Provided records ▸
/---
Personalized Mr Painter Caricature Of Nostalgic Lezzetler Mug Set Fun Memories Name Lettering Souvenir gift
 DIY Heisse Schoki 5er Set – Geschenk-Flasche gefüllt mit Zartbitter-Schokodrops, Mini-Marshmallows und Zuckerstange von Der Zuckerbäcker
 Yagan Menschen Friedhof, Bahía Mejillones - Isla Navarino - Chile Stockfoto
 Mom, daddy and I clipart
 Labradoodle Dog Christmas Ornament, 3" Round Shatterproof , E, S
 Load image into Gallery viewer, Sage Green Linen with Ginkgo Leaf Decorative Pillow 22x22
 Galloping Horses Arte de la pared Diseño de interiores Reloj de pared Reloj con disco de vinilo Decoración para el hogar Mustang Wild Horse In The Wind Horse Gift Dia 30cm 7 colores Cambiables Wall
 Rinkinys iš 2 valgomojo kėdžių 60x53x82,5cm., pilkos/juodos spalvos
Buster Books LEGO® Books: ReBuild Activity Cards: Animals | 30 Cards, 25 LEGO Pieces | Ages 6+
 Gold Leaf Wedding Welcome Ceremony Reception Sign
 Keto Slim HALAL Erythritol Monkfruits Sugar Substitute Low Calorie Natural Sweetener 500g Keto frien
\---
What the task asks ▸ All lines with the word "Leaf" need to be copied from the data above.

Solution to the exercise ▸
 Load image into Gallery viewer, Sage Green Linen with Ginkgo Leaf Decorative Pillow 22x22
 Gold Leaf Wedding Welcome Ceremony Reception Sign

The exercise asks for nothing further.